Permita-me resenhar o que aconteceu com essa jovem, Doutor. Ela tinha medo das manhãs. As manhãs a obrigavam a admitir a si mesma que falhou miseravelmente nessa causa. Era flagrada a trair-se ao olhar para mim. Eu fiz de tudo. Mas não sabia como curar essa apatia dela pelo mundo. Ela gostava das noites porque toda sombra parecia um vulto. E assim ela sabia que tinha companhia para dormir. Você pode achar sombrio. Eu acho que tem muita esperança nos olhos e nos lábios dela, Doutor. Ela tentou comigo e só. Nunca foi expansiva, nem tímida demais. Ela tinha a dose certa de medo, angústia, alegria e esperança. Receita boa para quem quer contar alguma história um dia. Acho que você consegue acreditar em amores que não se realizaram, mas foram amores. Foi o caso dela. Que amou sozinha e me amou demais. E dominou as noites, perdeu algumas manhãs e chegou à conclusão de que guarda-chuvas furados não servem de nada.

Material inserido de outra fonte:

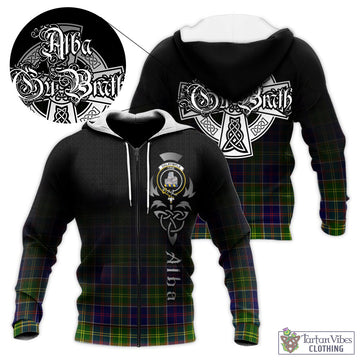 Dalrymple Tartan Knitted Hoodie Featuring Alba Gu Brath Family Crest Celtic Inspired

Ainda existem marcas de dedos no piano da minha sala. Ou no piano velhinho da sala dela. Foram os últimos acordes de quem precisava expor. Ela precisou colocar para fora tudo isso para se dar conta de que o problema estava bem dentro dela. E haja interpretação de cena para que ela se visse em meio a um filme sem roteiro completo e sem protagonista. Ela era adepta da máquina de datilografar. Cada letra marcada em alto relevo num papel timbrado. Figura clássica, figura básica. E quando a chuva apertou e os pingos a molharam, ela desistiu. Não foi feita a gancho de história. É a história dela e não alguma outra história que você encontra por aí. E eu tenho a minha parcela de culpa por não conseguir correspondê-la. Mas é que vivemos em épocas diferentes e nossos amores não se cruzam porque guardamos aqui dentro e renunciamos a exposição.
Ela anda por aí. Em cada esboço que se faça sobre a sua história. Essa menina faz parte da sombra de muitas mulheres que rabiscaram alguma coisa para falar de amor. Tem um sabor agridoce nos lábios e os olhos continuam enxergando companhia em noites despretensiosas. O sorriso dela foi talhado a ferro e fogo. E acredito que não há analista ou borracha nesse mundo que a façam apagar o sorriso do rosto. Ela é uma mulher real. E, pra dizer a verdade, essa menina é o passado de toda mulher que um dia amou alguém.